Speed up splitlines.

We use the python function again with the modifications we need. I ran it with: python3 -m timeit -n 10000 -s 'from jedi.common import splitlines; x = open("test_regression.py").read()' The speed differences are quite remarkable, it's ~3 times faster: 10000 loops, best of 3: 52.1 usec per loop vs. the old: 10000 loops, best of 3: 148 usec per loop We might need to speedup splitlines with as well. It's probably also a factor 2-3 slower than it should be.
2025-12-18 03:25:55 +08:00 · 2017-03-09 08:58:57 +01:00
parent b814a91f29
commit 989e4bac89
2 changed files with 26 additions and 17 deletions
--- a/jedi/common.py
+++ b/jedi/common.py
@@ -159,24 +159,29 @@ def splitlines(string, keepends=False):
    also on form feeds.
    """
    if keepends:
-        # If capturing parentheses are used in pattern, then the text of all
-        # groups in the pattern are also returned as part of the resulting
-        # list.
-        lst = re.split('(\n|\r\n)', string)
+        lst = string.splitlines(keepends=True)
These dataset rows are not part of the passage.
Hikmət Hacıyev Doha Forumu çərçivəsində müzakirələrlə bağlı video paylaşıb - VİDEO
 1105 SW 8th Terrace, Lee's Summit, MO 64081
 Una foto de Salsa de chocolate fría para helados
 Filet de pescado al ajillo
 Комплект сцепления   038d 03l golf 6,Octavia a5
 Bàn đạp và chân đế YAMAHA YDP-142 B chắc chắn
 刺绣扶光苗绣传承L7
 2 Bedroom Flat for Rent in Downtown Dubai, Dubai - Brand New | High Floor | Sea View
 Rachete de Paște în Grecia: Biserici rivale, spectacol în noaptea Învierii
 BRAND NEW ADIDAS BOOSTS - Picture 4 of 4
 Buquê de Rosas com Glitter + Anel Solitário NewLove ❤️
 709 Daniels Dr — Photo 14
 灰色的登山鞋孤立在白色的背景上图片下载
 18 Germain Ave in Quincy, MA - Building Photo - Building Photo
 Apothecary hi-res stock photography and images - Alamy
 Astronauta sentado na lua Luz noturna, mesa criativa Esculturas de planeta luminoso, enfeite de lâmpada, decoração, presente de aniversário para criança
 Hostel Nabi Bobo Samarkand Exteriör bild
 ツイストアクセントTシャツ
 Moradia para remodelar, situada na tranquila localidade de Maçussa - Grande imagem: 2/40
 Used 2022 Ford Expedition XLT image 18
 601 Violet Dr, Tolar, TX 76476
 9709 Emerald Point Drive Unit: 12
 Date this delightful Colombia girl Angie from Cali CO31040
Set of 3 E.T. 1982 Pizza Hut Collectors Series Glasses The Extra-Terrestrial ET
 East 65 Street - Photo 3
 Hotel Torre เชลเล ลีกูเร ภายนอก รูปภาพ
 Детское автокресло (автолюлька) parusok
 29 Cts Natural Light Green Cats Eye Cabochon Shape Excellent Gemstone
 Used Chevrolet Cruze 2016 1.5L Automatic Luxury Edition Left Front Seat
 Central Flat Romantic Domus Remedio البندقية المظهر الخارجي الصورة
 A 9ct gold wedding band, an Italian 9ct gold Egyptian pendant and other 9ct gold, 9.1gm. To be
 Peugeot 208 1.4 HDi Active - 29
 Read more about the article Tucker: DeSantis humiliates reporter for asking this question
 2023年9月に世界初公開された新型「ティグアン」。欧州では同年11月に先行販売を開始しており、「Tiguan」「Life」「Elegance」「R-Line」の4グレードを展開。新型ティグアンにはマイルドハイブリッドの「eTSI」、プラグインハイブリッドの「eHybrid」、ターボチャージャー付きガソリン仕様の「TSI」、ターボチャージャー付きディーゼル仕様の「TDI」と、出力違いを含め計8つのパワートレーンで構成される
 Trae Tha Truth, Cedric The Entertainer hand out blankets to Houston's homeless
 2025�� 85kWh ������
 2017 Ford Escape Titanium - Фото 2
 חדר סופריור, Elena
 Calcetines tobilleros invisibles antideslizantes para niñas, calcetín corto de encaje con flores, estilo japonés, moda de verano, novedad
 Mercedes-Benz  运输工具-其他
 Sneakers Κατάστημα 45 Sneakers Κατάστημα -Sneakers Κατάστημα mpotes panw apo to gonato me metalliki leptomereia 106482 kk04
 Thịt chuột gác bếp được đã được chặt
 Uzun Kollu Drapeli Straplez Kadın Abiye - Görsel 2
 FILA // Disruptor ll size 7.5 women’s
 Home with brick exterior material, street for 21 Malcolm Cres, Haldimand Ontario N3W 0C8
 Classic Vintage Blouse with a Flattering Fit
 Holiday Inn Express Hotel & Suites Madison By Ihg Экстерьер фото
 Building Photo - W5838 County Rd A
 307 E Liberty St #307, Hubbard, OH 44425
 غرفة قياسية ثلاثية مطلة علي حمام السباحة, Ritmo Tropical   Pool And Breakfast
-        # Need to merge the new lines with the actual lines.
-        odd = False
-        lines = []
-        for string in lst:
-            if odd:
-                line += string
-                lines.append(line)
-            else:
-                line = string
-            odd = not odd
-        if odd:
-            lines.append(line)
-        return lines
+        # We have to merge lines that were broken by form feed characters.
+        merge = []
+        for i, line in enumerate(lst):
+            if line.endswith('\f'):
+                merge.append(i)
+
+        for index in reversed(merge):
+            try:
+                lst[index] = lst[index] + lst[index + 1]
+                del lst[index + 1]
+            except IndexError:
+                # index + 1 can be empty and therefore there's no need to
+                # merge.
+                pass
+
+        # The stdlib's implementation of the end is inconsistent when calling
+        # it with/without keepends. One time there's an empty string in the
+        # end, one time there's none.
+        if string.endswith('\n') or string == '':
+            lst.append('')
+        return lst
    else:
        return re.split('\n|\r\n', string)

--- a/test/test_common.py
+++ b/test/test_common.py
@@ -5,9 +5,13 @@ def test_splitlines_no_keepends():
    assert splitlines('asd\r\n') == ['asd', '']
    assert splitlines('asd\r\n\f') == ['asd', '\f']
    assert splitlines('\fasd\r\n') == ['\fasd', '']
+    assert splitlines('') == ['']
+    assert splitlines('\n') == ['', '']


 def test_splitlines_keepends():
    assert splitlines('asd\r\n', keepends=True) == ['asd\r\n', '']
    assert splitlines('asd\r\n\f', keepends=True) == ['asd\r\n', '\f']
    assert splitlines('\fasd\r\n', keepends=True) == ['\fasd\r\n', '']
+    assert splitlines('', keepends=True) == ['']
+    assert splitlines('\n', keepends=True) == ['\n', '']